■ YOUR ASSIGNMENT ■
Set down, exactly and only, everything from the line containing "2024 E Baltimore" down to the line containing "Monorama Ultrascan Pvt." in the data below; the pictures are not part of the copy.

■ DATA SECTION ■
[Start of section]

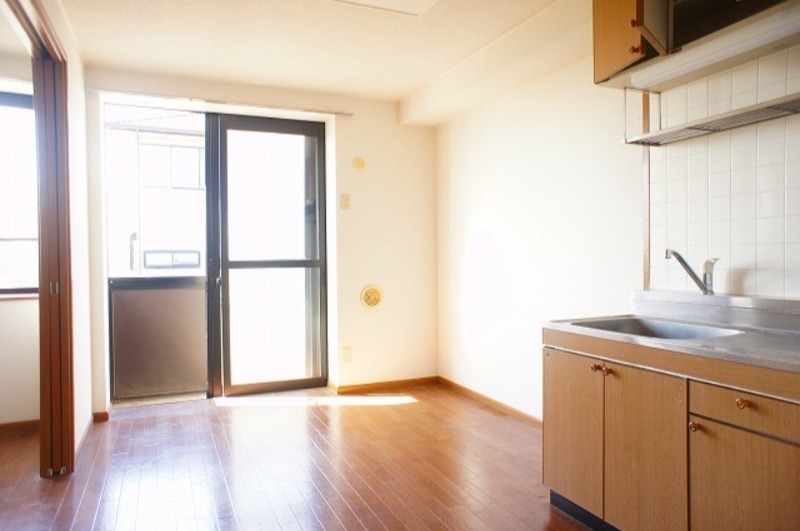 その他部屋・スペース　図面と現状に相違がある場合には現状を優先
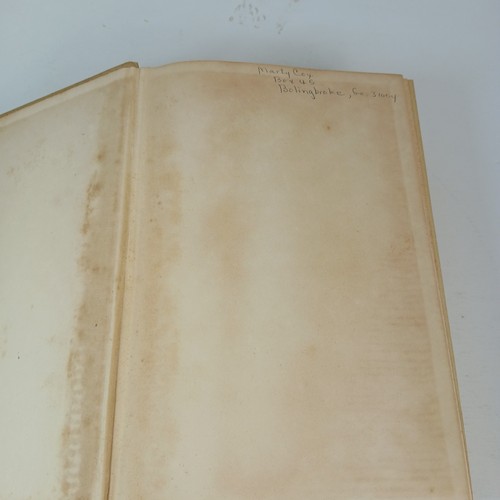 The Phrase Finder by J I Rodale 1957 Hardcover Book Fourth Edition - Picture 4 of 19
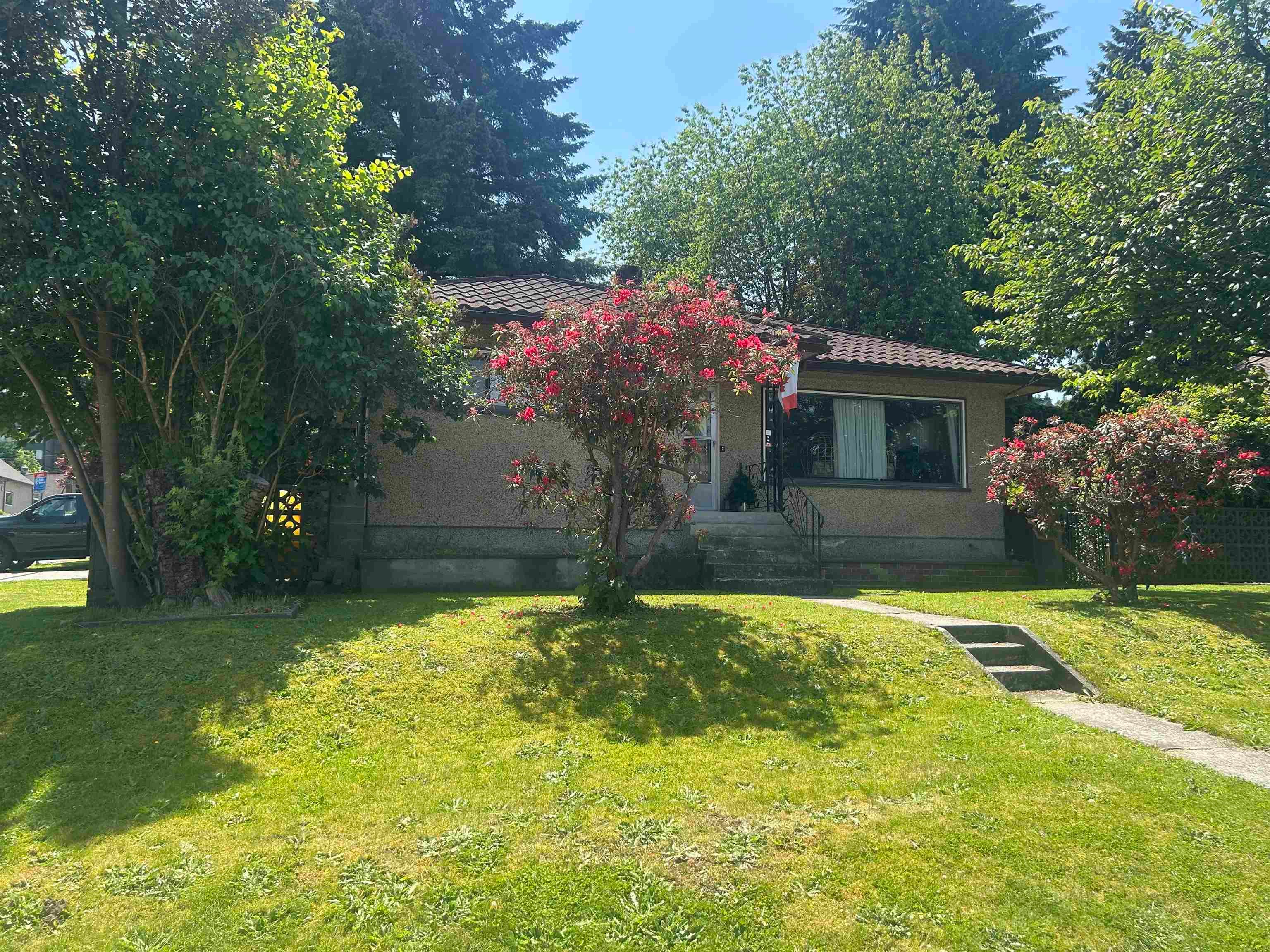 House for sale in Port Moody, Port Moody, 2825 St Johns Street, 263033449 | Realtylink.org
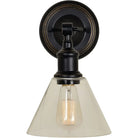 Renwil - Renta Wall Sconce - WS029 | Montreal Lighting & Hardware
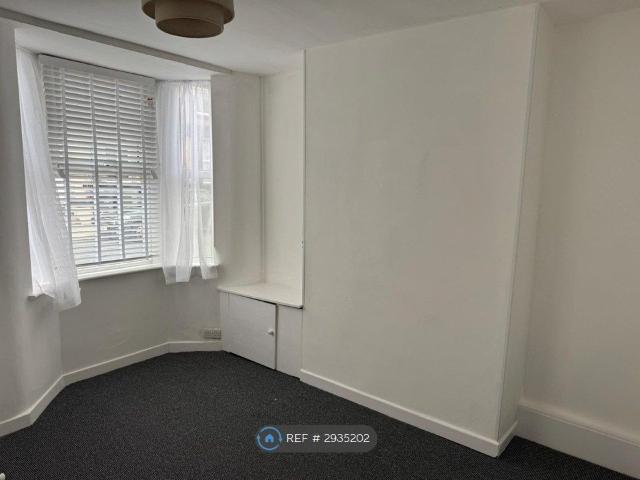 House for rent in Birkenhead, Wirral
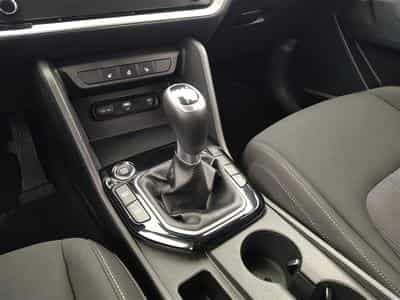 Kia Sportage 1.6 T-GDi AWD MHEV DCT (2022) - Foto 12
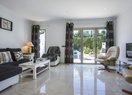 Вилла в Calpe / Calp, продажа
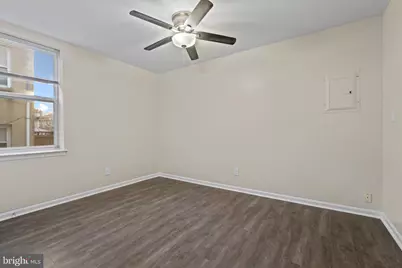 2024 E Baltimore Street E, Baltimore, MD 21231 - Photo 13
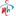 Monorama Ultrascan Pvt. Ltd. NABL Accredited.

[End of section]
[Start of section]

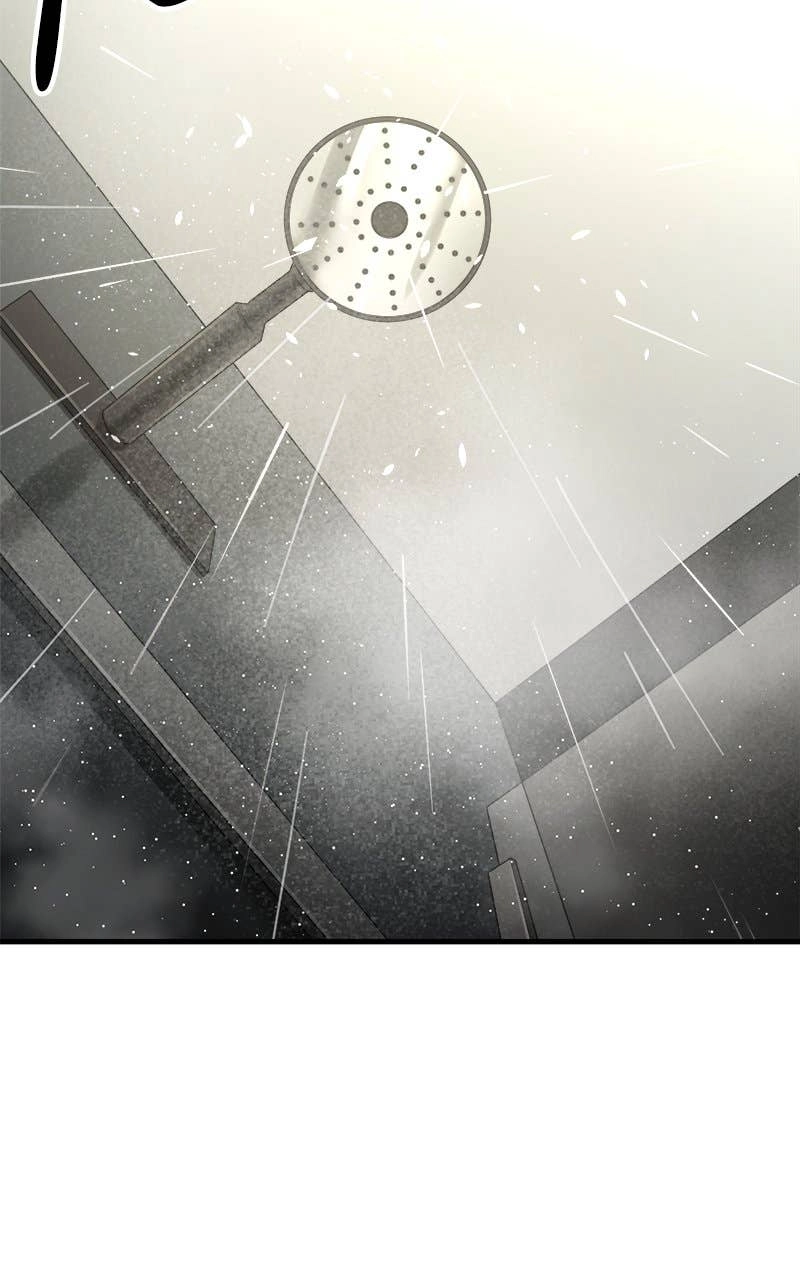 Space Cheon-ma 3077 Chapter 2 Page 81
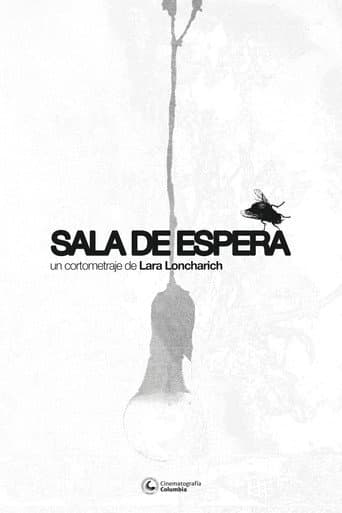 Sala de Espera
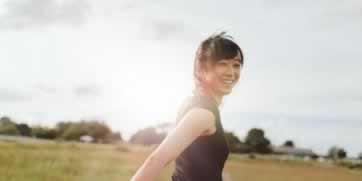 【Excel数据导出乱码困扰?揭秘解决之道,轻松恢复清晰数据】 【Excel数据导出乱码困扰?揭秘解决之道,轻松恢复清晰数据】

[End of section]
[Start of section]

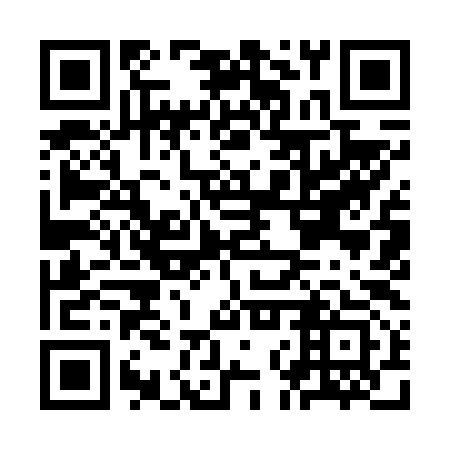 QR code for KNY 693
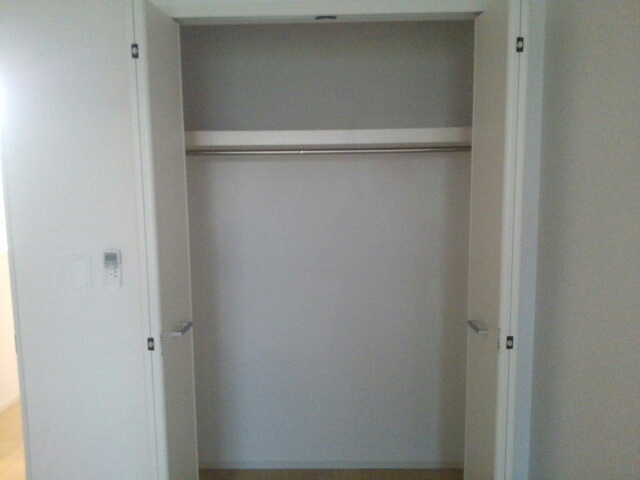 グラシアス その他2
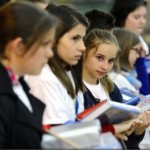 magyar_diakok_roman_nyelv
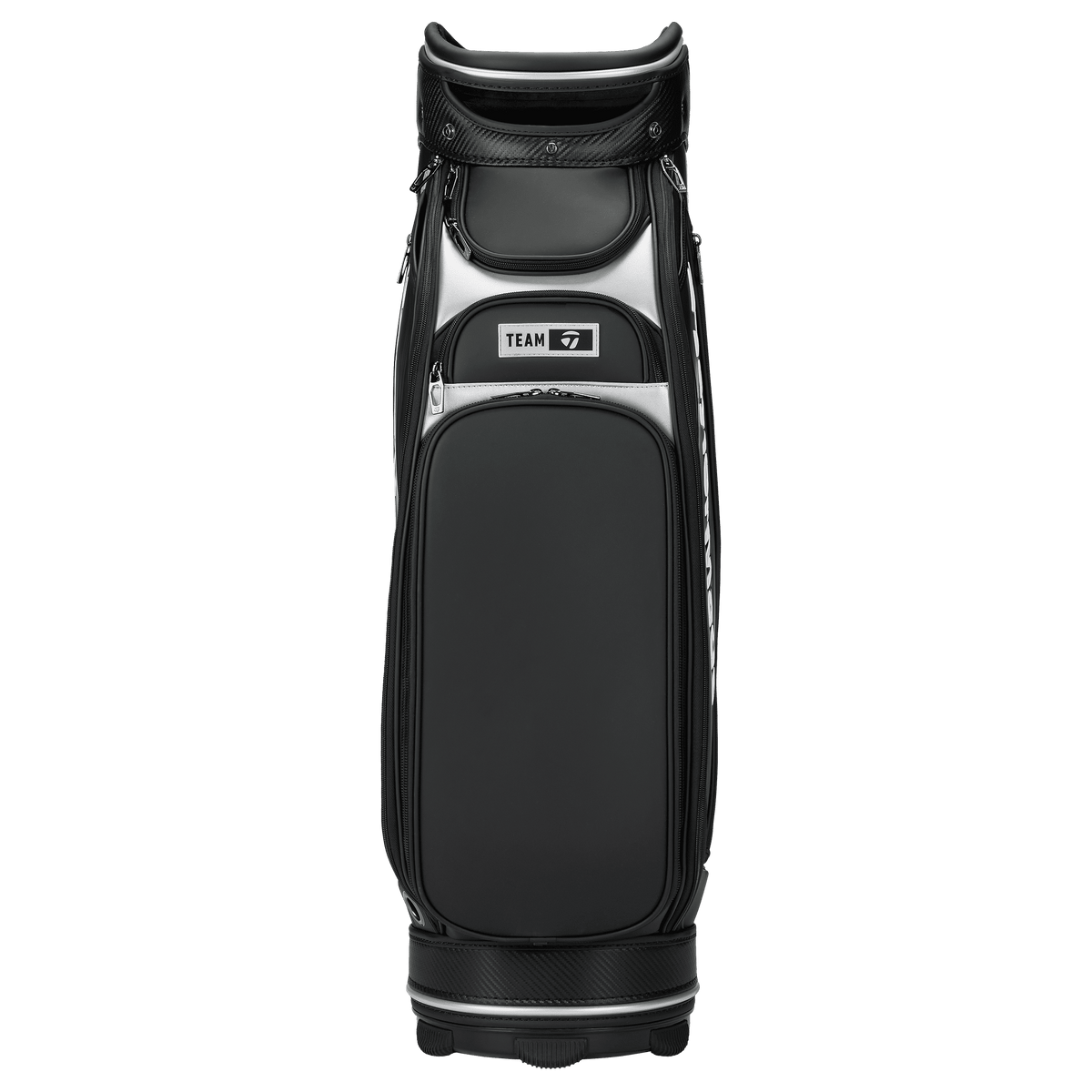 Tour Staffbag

[End of section]

■ WRITTEN ANSWER ■
 2024 E Baltimore Street E, Baltimore, MD 21231 - Photo 13
 Monorama Ultrascan Pvt. Ltd. NABL Accredited.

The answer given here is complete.